3.    Sunnah yang berupa pengakuan (taqririyah) seperti:“Dari Abu Sa’id, sesungguhnya ada dua orang laki-laki yang bertayamum dan keduanya melaksanakan sholat, kemudian keduanya mendapatkan air pada saat -waktu sholat yang mereka kerjakan- belum habis maka salah seorang dari keduanya berwudlu dan mengulangi sholatnya karena waktu belum habis, sedangkan seseorang yang lain tidak melakukannya, maka keduanya brtanya kepada Nabi Saw dan beliau bersabda kepada orang yang tidak mengulang sholatnya: engkau telah melakukan sunnah dan telah cukup sholatmu itu. Dan kepada yang mengulangi sholatnya beliau bersabda: bagimu pahala dua kali lipat ganda” (HR. Nasai).
  
Dalam kajian Ushul Fiqih, Hadis dari segi sanadnya terbagi menjadi 2 macam: Hadis Mutawatir dan Hadis Ahad.
1.    Hadis Mutawatir; Hadis Nabi yang diriwayatkan oleh sekelompok perawi (minimal 4 sahabat) yang menurut kebiasaan individu-individunya jauh dari kemungkinan berbuat bohong. Hadis mutawatir terbagi menjadi dua:
- Mutawatir Lafdzi: Hadis yang diriwayatkan oleh sekelompok orang yang makna dan lafadznya sama. Misalnya Hadis tentang seseorang yang berbuat dusta atas diri nabi maka hendaknya ia mengambil tempat dineraka (HR.Muslim)
- Mutawatir Ma’nawi:  Hadis yang diriwayatkan oleh sekelompok orang yang maknanya sama namun lafadznya berbeda. Misalnya Hadis tentang nabi mengangkat tangan pada saat berdoa (HR. Tirmidzi)

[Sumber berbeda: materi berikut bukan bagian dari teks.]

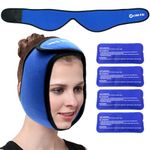 Face Ice Pack Wrap Jaw Pain Relief Wrap for TMJ, Wisdom Teeth, Head and Chin, 4 Reusable Hot Cold Compress Gel Packs for Face Swelling, Injuries, Oral and Facial Surgery, Dental Implants and Migraine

2.    Hadis Ahad; Hadis yang diriwayatkan oleh seorang atau lebih (maximal 3 sahabat) dan tidak sampai ke batas Hadis mutawatir. Hadis ahad terbagi menjadi tiga:
- Hadis Masyhur: Hadis yang pada masa sahabat diriwayatkan oleh 3 orang perawi. Contoh Hadis tentang amal tergantung kepada niat (HR. Bukhori Muslim)
- Hadis ‘Aziz: Hadis yang pada masa sahabat diriwayatkan oleh 2 orang perawi. Contoh menuntut ilmu merupakan kewajiban setiap orang islam (HR. al-Baihaqi)
- Hadis Ghorib: Hadis yang diriwayatkan oleh orang 1 orang perawi. Contoh belum sempurna iman seseorang sehingga ia lebih mencintai rasulullah melebihi cintanya kepada orang tuanya, anaknya dan seluruh manusia (HR. Bukhori Muslim)

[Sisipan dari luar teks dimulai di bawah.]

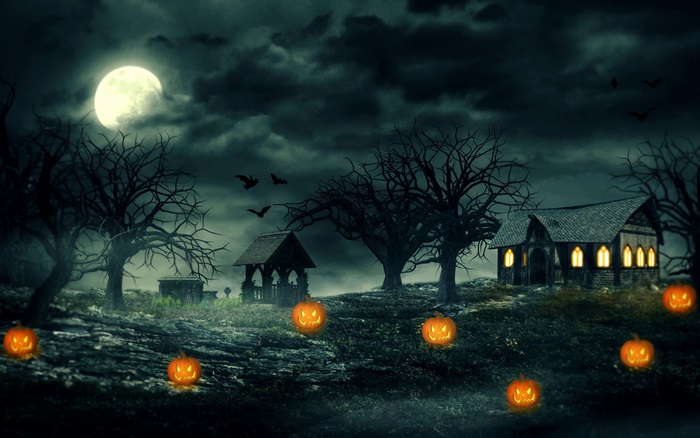 Halloween Night with Pumpkins and Haunted House 4K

 Fungsi Sunnah terhadap al-Quran adalah:
1.    Menjelaskan isi al-Quran; ex.: Hadis yang menjelaskan tata cara sholat dll
2.    Membuat aturan tambahan yang bersifat teknis, yang mana pokok-pokoknya telah disebutkan dalam al-Quran; ex.: Hadis yang menjelaskan suami istri yang li’an (sumpah empat kali dan yang kelima sumpah laknat Allah jika ia berdusta), maka keduanya telah bercerai selama-lamanya (HR.Ahmad dan Abu Daud)
3.    Menetapkan hukum yang belum disinggung dalam al-Quran; keharaman binatang buruan yang mempunyai taring dan burung yang mempunyai cakar yang tajam (HR. An-Nasai)

Wallahu A’lam

3. Ijma’ (Konsensus Ulama)

A. Pengertian Ijma’
Kata ijma’ secara bahasa berarti kesepakatan tentang suatu masalah. Adapun ijma’ menurut istilah Ushul Fiqih adalah: “Kesepakatan para mujtahid tentang hukum syara’ (hukum Islam) pada suatu masalah dalam satu masa setelah Rasulullah Saw wafat”.
Kata ijma’ juga dapat diartikan sebagai konsensus mujtahid dalam menetapkan hukum pada suatu masalah. Apabila ada suatu peristiwa yang pada saat terjadinya diketahui oleh semua mujtahid, kemudian mereka sepakat memutuskan hukum atas peristiwa tersebut, maka kesepakatan mereka ini disebut ijma’.
Contoh; kesepakatan para sahabat yang melarang seorang laki-laki madu (poligami) dengan bibi istri dari jalur ayahnya ataupun ibunya. Begitu pula mereka sepakat bahwa saudara seayah dapat menempati posisi saudara sekandung jika saudara sekandung tidak ada. Keputusan hukum ini tidak ditemukan dalam al-Quran dan Hadis.

B. Dalil keabsahan ijma’
1. Berdasarkan al-Quran, antara lain dalam surat an-Nisa’ ayat 115:“Dan barang siapa yang menentang Rasul sesudah jelas kebenaran baginya dan mengikuti jalan yang bukan jalan orang-orang yang mukmin, Kami biarkan leluasa terhadap kesesatan yang telah dikuasainya itu, dan kami masukkan ia ke dalam neraka jahannam, dan jahannam itu seburuk-buruk tempat kembali”.
Argumentasi: dari ayat tersebut dapat dipahami bahwa wajib hukumnya mengikuti jalan orang-orang mukmin, antara lain mengikuti kesepakatan mereka. Jika tidak maka ia akan diancam dengan neraka jahannam.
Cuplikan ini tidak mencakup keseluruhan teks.